I was 17. I had landed a job in a summer camp for rich kids in upstate New York. I would be teaching arts and crafts. My boyfriend also had a job at the same camp. He would be teaching hmmmm…I don’t actually recall, but something sports related. Both of us were hired to come up there a month early and “build the camp.” OK, so I did not get hired to come up and build the camp, but I was hired to come up and cook for the 40 guys who were hired to build the camp.
So, up we went. Those weeks spent on Lake George will always be some of my fondest memories. It was beautiful. I was having a blast cooking for the guys and they were really appreciative (especially of my cherry pie!) The days were long and everyone worked hard. When the evenings came, we relaxed.
Sometimes we went out on the lake in canoes, and sometimes we played cards in one of the cabins. Occasionally we went into town and had some fun shooting pool. But it was always pretty wholesome stuff. My boyfriend and I liked to play chess and Backgammon (truth) and often spent the late nights engaged in such sport.
About three times a week, the camp owner would come through to make certain everything was getting accomplished according to schedule, to review menus with me, and to drive me into town to grocery shop. All was well in the camp. That is until the day the other “camp counselors” started to arrive.
I was friendly, but I had also been given strict instructions of meal preparation and so far, the guys had been golden. Janet was a large woman, also hired to teach arts and crafts. She was in her late 30’s, I’m sure, and she was immediately convinced she was my boss. In the arts and crafts world, I have no doubt this was to be the reality, but in the kitchen she was not.
Trouble began almost immediately when Janet informed me that she wanted a “special” breakfast order served to her. Well, I had no way of fulfilling her request, as the owner had been clear about what I could offer and when. I did try to work with Janet, but it was obvious that I was just a person who rubbed her the wrong way.
For the next week or so, I knew trouble was lurking, but I could never quite put my finger on it. So, it was little surprise to me when I was summoned to the owner’s house for a chat. There I was informed that Janet had reported that I and my boyfriend had been sleeping together in one of the cabins. It mattered not that the accusation was false. It mattered not that the person “reporting” me was new on the scene and I had already spent more than a month proving myself trustworthy.
What did matter was the allegation had been made, and the owner could not take the chance that I would set a bad example for the rich kids. So, even before I had an opportunity to teach my first arts and crafts lesson, but not before the permanent cook arrived to take over the kitchen, I was fired and told to take the bus back to Maryland. Of course, the owner called my father and explained “why” I was being fired.
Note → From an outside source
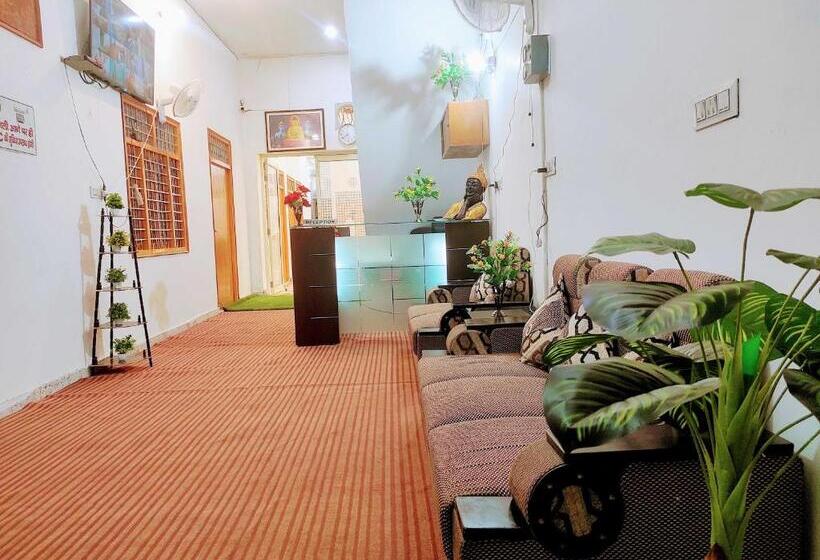 בית מלון כפרי Oyo Mahira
Well I was young and I was proud, and I was angry that an adult had lied about me. But what made me angrier still was that Janet was the adult assigned to drive me to the bus station. What made me angriest of all was when this woman, this person who had never liked me from the moment she laid eyes on me, this woman who had taken it upon herself to see that I was relieved of my income that very crucial summer before I began college, asked me, when we arrived at the bus station, “Would you like to pray with me?”
I looked at her, and I said, “Janet, I used to respect adults. You have taken that from me. You have, however, taught me a valuable lesson. I will never trust an adult who presents herself falsely and then asks to share a prayer. I will pray when I am ready. I thank you for asking, but I don’t care to pray with you.”
I got out of the van and never looked back. I was scared that my father would believe the lies. I had a long bus ride back to Maryland and I can assure you, I did pray. But I thought an awful lot about how nutty the world is. I just kept thinking, “if she just didn’t like me and didn’t want me working there, why couldn’t she have just said so. Why did she have to make up the lie?”
In the end my father met me at the bus station. He accepted my version of what happened. He even drove me all the way back up there, a week or so later, when I turned 18, to help me job hunt in the town, so I could be near my boyfriend. I did not find another job that summer. But I did get to share a nice long car trip with Dad and I did learn a little bit about the importance of perceptions, and the damage of false accusations.
And I am proud to say, it is the only job from which I have ever been fired.